Exercise description: Beneath this instruction is a block of data; output from it exactly the lines that run from the one containing "Justice Bronze Lady" through the one containing "KLEIN 5416TSR Tool", inclusive.

Extracted data:
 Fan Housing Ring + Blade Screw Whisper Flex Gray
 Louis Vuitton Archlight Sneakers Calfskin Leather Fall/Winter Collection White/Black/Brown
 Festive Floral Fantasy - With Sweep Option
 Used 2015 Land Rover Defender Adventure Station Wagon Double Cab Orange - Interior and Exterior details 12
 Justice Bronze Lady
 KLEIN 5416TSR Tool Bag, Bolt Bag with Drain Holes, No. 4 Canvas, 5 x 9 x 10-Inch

==

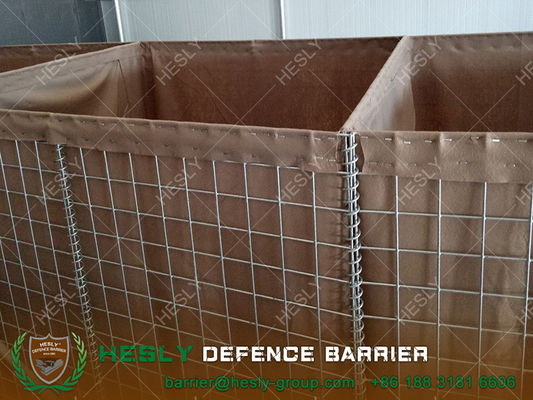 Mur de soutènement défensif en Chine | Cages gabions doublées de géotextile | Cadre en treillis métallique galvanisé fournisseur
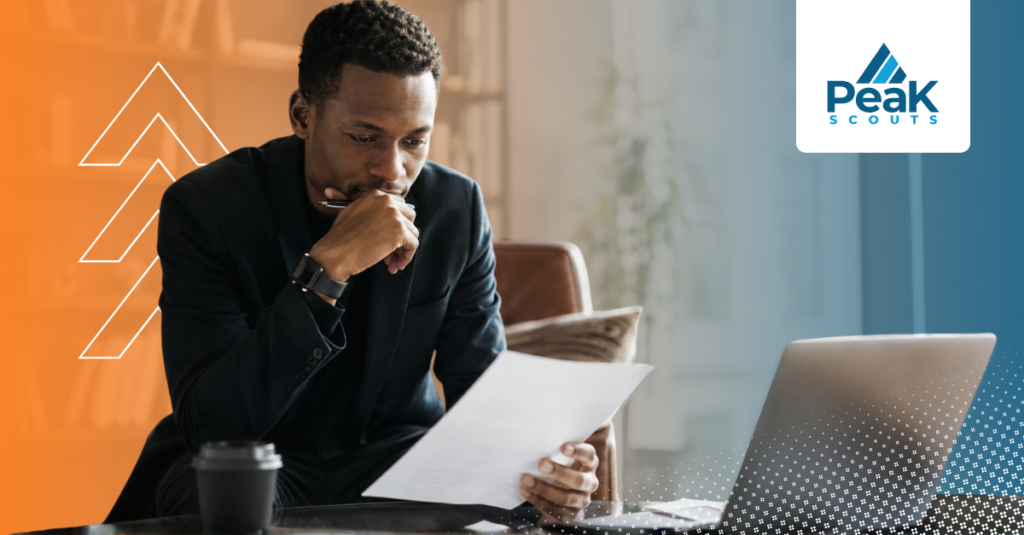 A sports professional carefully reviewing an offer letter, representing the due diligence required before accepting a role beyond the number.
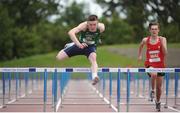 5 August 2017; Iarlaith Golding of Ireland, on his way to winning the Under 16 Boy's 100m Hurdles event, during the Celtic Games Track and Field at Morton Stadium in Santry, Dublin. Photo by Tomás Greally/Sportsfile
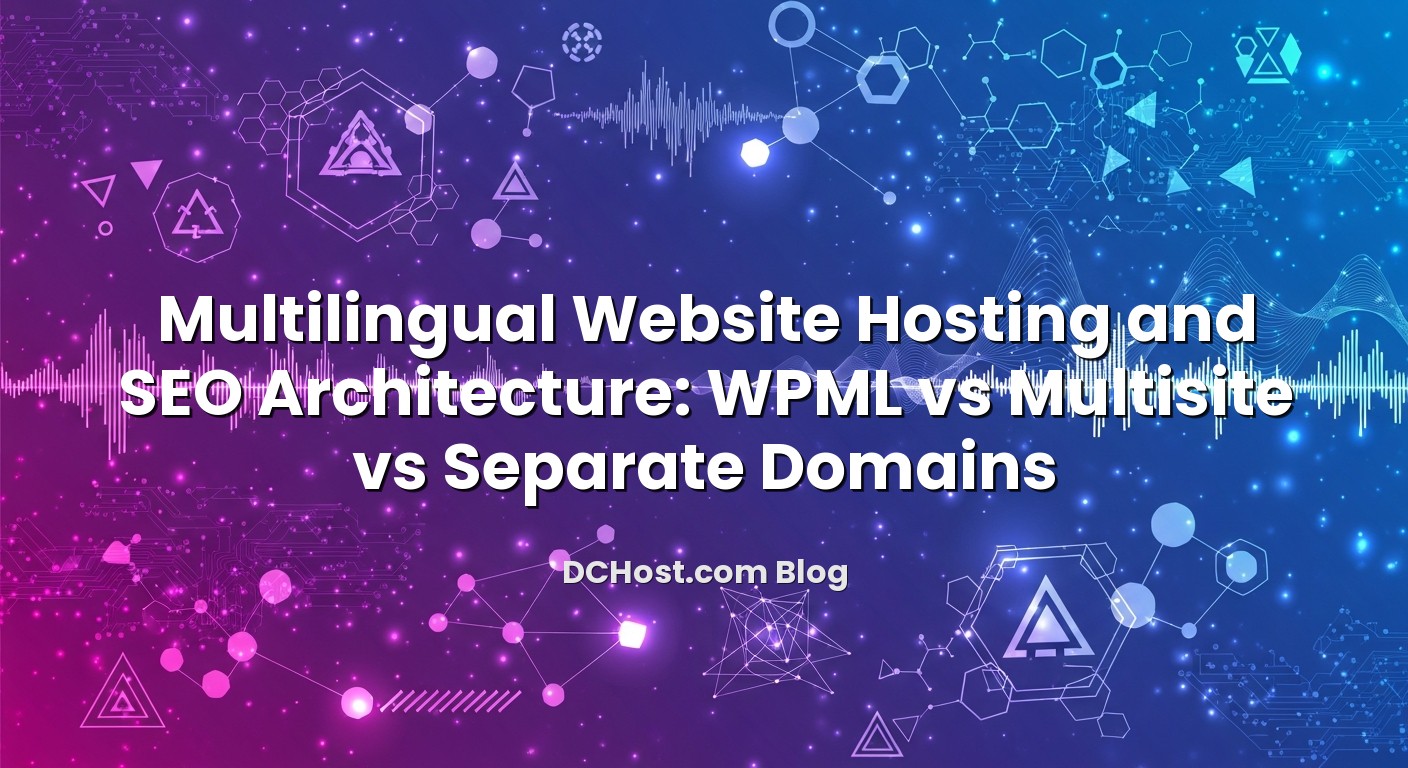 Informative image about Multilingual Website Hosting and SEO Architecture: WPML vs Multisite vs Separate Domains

Task result:
 Justice Bronze Lady
 KLEIN 5416TSR Tool Bag, Bolt Bag with Drain Holes, No. 4 Canvas, 5 x 9 x 10-Inch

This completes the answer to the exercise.